July 02, 20247 min read

A Dyno Nobel crew of two sits in a pickup truck under the loading dock for ammonium nitrate in Saltdale, California.
A Dyno Nobel crew of two sits in a pickup truck under the loading dock for ammonium nitrate in Saltdale, California. (Pat Maio, Cowboy State Daily)

SALTDALE, Calif. — In the Mojave Desert, where the temperatures were dancing around 100 degrees Monday, a white pickup rolled up slowly to a barbed-wire fence with a padlocked gate.

A worker for explosive chemical-maker Dyno Nobel gingerly climbed out of his truck and unlocked the 6-foot-high fence, pushed the gate wide open and slowly slipped back in the front cab where a co-worker rode shotgun.

They pulled into the rail yard next to 10 hopper railcars sitting in the middle of the Mojave’s dead mining town of Saltdale.

There’s nothing left of historic significance here, except maybe an old, crumbling concrete loading dock near the rail tracks. A few rotted rail ties are poking out of the dusty sand.

The U.S. Post Office has long since blown away and been pounded back into the burning hot sand of the Mojave. The school’s gone. So is the church. There’s no evidence of housing of any sort.

The only signs of life in this desolate town off a gravel road at the intersection of Saltdale and Red Rock Randsberg roads were the two Cheyenne-based Dyno Nobel workers who were sitting parked next to the rail spur with the air conditioning blasting in their truck, seats tilted back in a reclining position.

The Experts Are Surprised

Geologists Larry Vredenburgh and Gregg Wilkerson, formerly with field offices with the Bureau of Land Management in Southern California and expert historians on the mining history in the desertscape that runs from the Mexican border to the Mojave, stood aghast.

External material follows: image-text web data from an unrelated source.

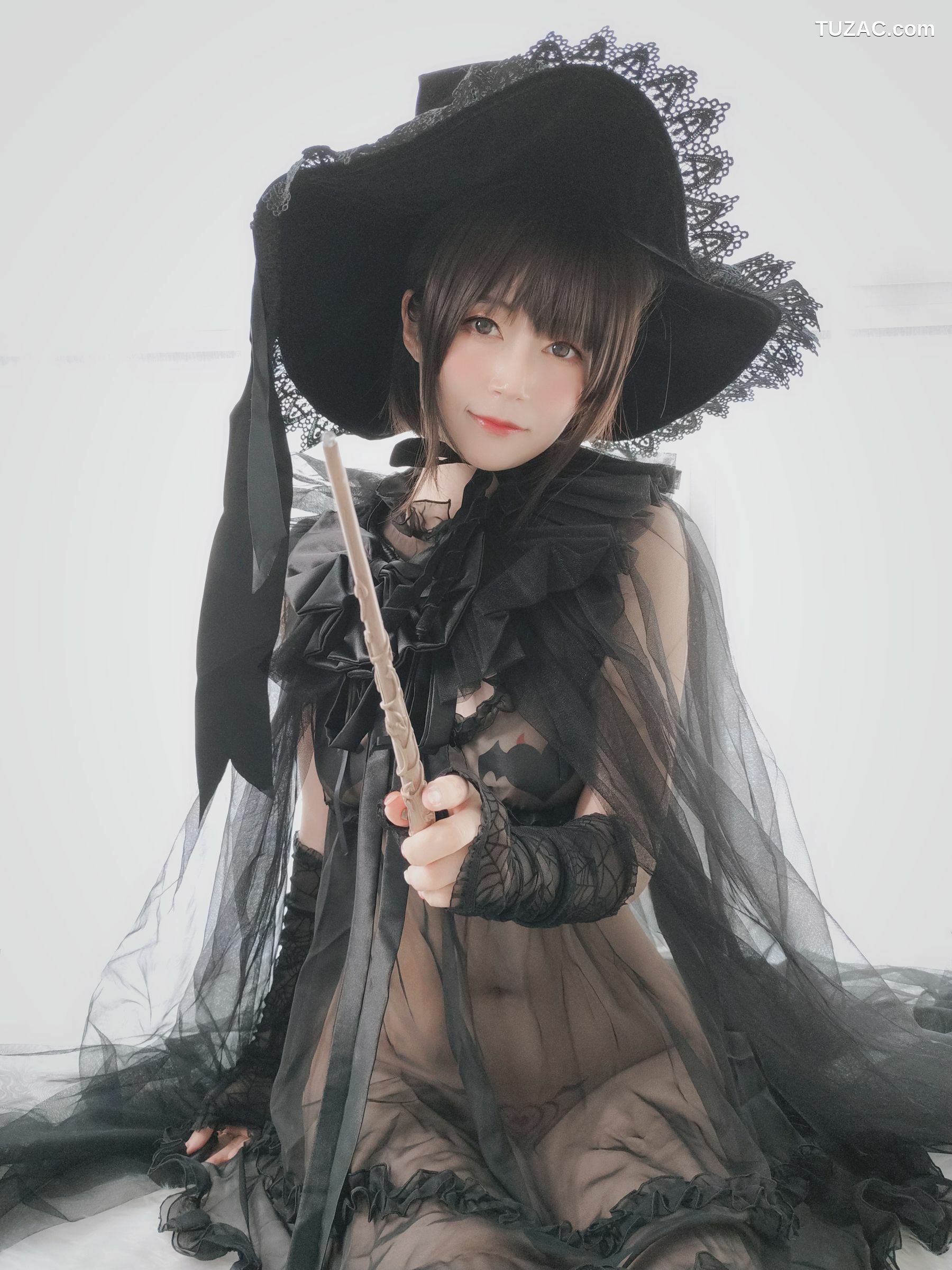 网络美女_Coser小姐姐白银81 - 见习魔女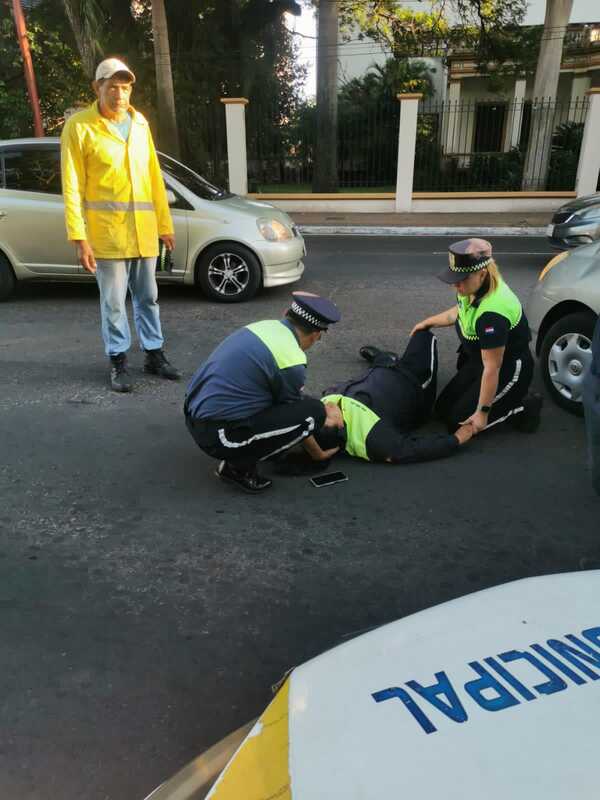 Atropellan a inspectora de PMT mientras dirigía el tránsito en Asunción - trece
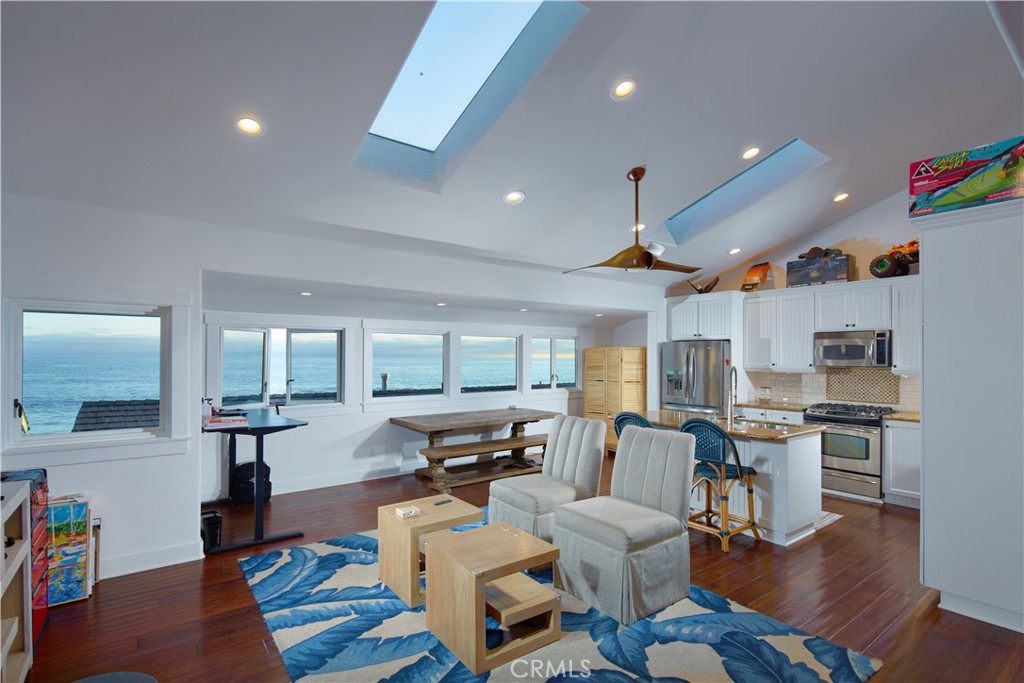 2800 Ocean Front, Laguna Beach, California, 92651, United States, 8 Bedrooms Bedrooms, ,8 BathroomsBathrooms,Residential,For Sale,2800 Ocean Front,1555141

“Dyno Nobel?” said the retired Vredenburgh. “I thought they were still extracting salt from the area.”

Wilkerson, Vredenburgh's retired co-worker who these days is sporting a white Fu Manchu mustache, wasn’t sure what to think.

The geologists have written extensively on salt mining in the Saltdale area, as well as gold, silver, borax, tungsten and other minerals pulled out of the searing hot climate.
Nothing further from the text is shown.